Trump quer mais pressão nos chuveiros para poder molhar a contento, até à raiz, os seus lindos cabelos. Podemos ouvir o argumento pela boca do próprio, em múltiplos canais: “Gosto de tomar um bom banho”, diz Trump, “para molhar o meu lindo cabelo”. O homem é insensível aos cálculos que ditaram as medidas dos seus antecessores, particularmente a lei de 1992 que estabelecia um volume máximo de água de 9,5 litros por minuto. Trump quer mais pressão para cuidar do seu lindo cabelo. Quando alterou as regras de Obama, permitiu chuveiradas de 38 litros por minuto, como relatava o jornal Público a 20 de Agosto de 2020. Vemo-lo e ouvi-lo agora, enquanto assina o decreto que aumenta de novo a pressão. Ele admite, tranquilamente, que passa 15 minutos debaixo do chuveiro. Há cabelos que precisam de muita rega e o dele, está no jornal desse Agosto, “tem de estar perfeito”.
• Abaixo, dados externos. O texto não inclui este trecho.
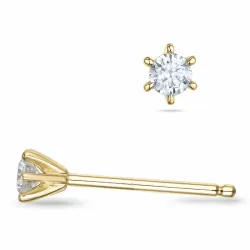 2 x 0,07 ct lab grown diamant solitäreörhängestift i 9 karat guld med lab grown diamant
A incredulidade dispensa o enfado dos ambientalistas. Se me permitis, recorro ao Livro Vermelho dos Pensamentos de Millor Fernandes, publicado há vinte anos e que é um fruto apetecível dos tempos gloriosos do Pasquim.
Abro na página 27, num capítulo dedicado à religião e ao misticismo. É a passagem resgatada de uma conversa de Millor com o advogado criminalista Técio Lins e Silva, em 1970. Millor invoca o que aprendeu em Gensaku, conhecimentos resgatados pela sabedoria dos séculos. Respigo alguns desses ensinamentos: “Jamais lavar os cabelos depois do meio dia. Nunca apontar para um arco íris. Nunca tomar banho com o estômago vazio. Não molhar os pés quando os dois ponteiros do relógio estiverem juntos (…) Não se deitar de costas quando houver chuva com raios ou trovões. (…) Tomar um banho, bem no início do dia 9 de Abril, todos os anos. Um banho no dia 7 de Agosto torna a pele áspera e seca”.
A lista de ensinamentos deixada por Millor é vasta, ainda que geradora de alguma perplexidade. Tal como um decreto de Trump, aquele por causa de quem o mundo está pelos cabelos.
Reparo, entretanto, que 9 de Abril foi ontem. Espero que tenha tomado o seu banho anual, com a pressão adequada.